*** DATA FOR ANALYSIS

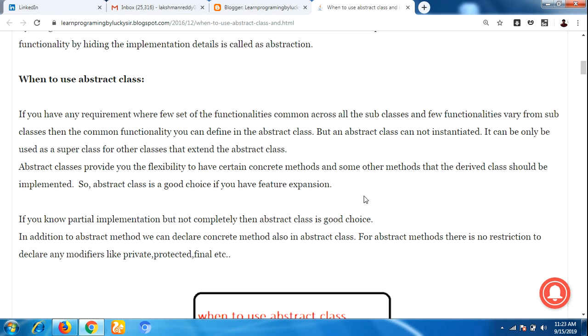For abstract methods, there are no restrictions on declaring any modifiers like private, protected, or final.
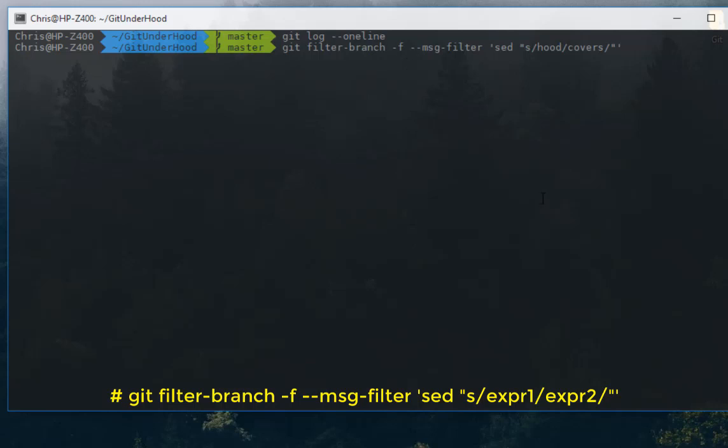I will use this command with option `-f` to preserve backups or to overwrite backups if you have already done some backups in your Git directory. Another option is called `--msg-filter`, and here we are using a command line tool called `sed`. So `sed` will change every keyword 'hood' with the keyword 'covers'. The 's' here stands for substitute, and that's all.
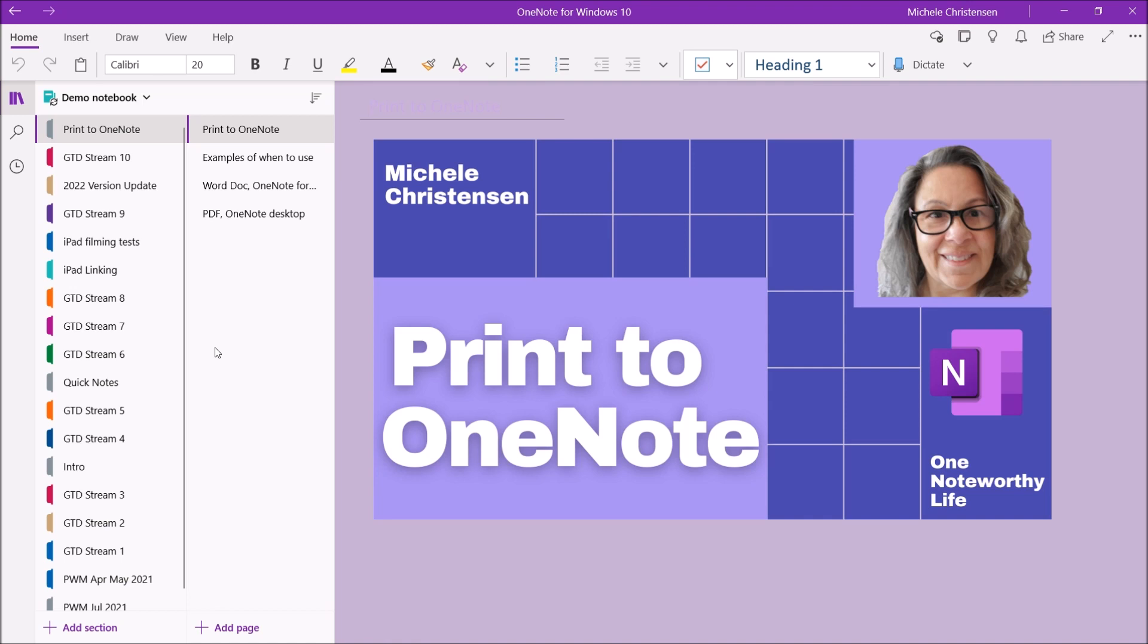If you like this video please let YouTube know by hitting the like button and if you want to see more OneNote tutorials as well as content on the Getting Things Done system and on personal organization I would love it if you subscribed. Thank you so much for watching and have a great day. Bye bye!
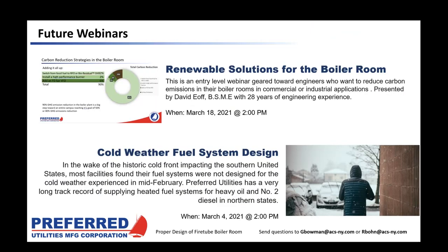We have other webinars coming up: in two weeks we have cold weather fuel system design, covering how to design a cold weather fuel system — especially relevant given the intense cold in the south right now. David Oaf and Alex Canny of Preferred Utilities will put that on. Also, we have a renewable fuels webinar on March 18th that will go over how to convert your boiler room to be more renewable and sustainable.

******
*** DATA FOR ANALYSIS

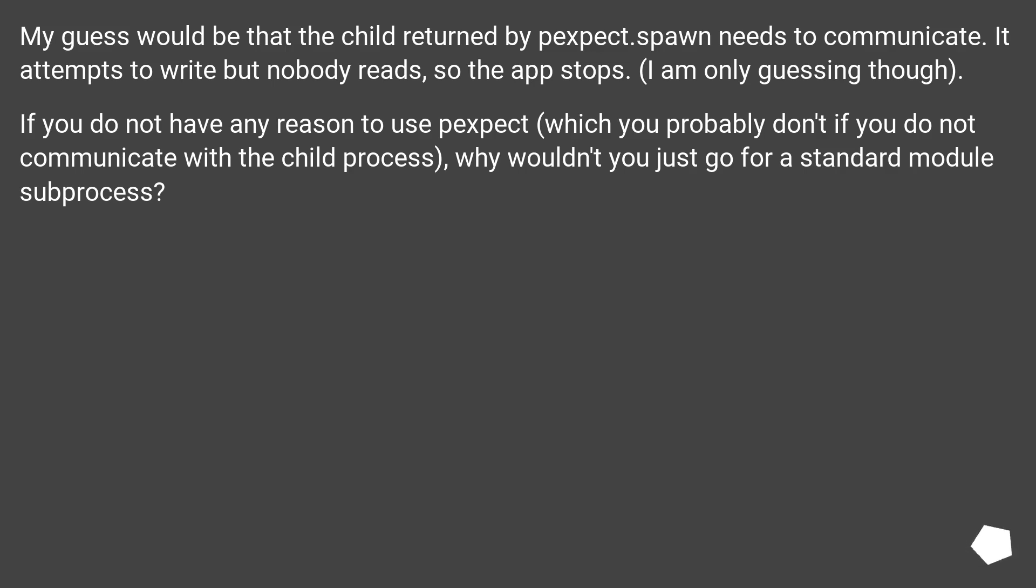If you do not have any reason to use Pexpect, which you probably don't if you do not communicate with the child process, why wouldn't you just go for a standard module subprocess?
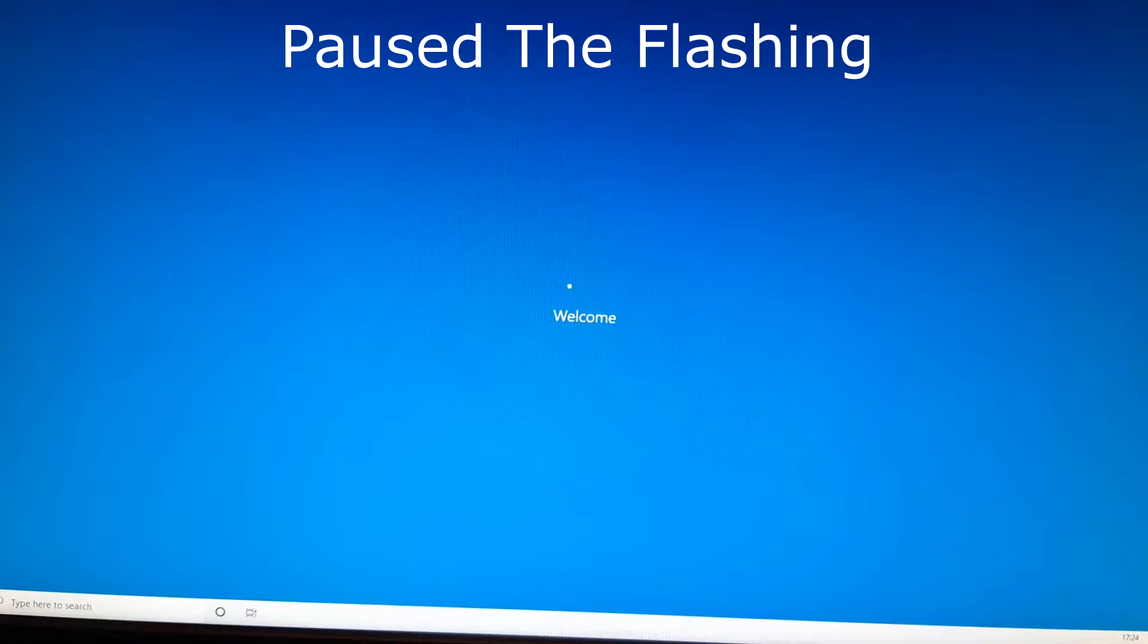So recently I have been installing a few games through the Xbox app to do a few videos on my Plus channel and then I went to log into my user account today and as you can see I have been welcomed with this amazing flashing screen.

******

> [PROBLEM DETAILS]
With the pictures omitted, restate word for word the lines above from the line that has "I will use this" up to and including the line that has "We have other", and no other lines.

> [EXERCISE OUTPUT]
I will use this command with option `-f` to preserve backups or to overwrite backups if you have already done some backups in your Git directory. Another option is called `--msg-filter`, and here we are using a command line tool called `sed`. So `sed` will change every keyword 'hood' with the keyword 'covers'. The 's' here stands for substitute, and that's all.
If you like this video please let YouTube know by hitting the like button and if you want to see more OneNote tutorials as well as content on the Getting Things Done system and on personal organization I would love it if you subscribed. Thank you so much for watching and have a great day. Bye bye!
We have other webinars coming up: in two weeks we have cold weather fuel system design, covering how to design a cold weather fuel system — especially relevant given the intense cold in the south right now. David Oaf and Alex Canny of Preferred Utilities will put that on. Also, we have a renewable fuels webinar on March 18th that will go over how to convert your boiler room to be more renewable and sustainable.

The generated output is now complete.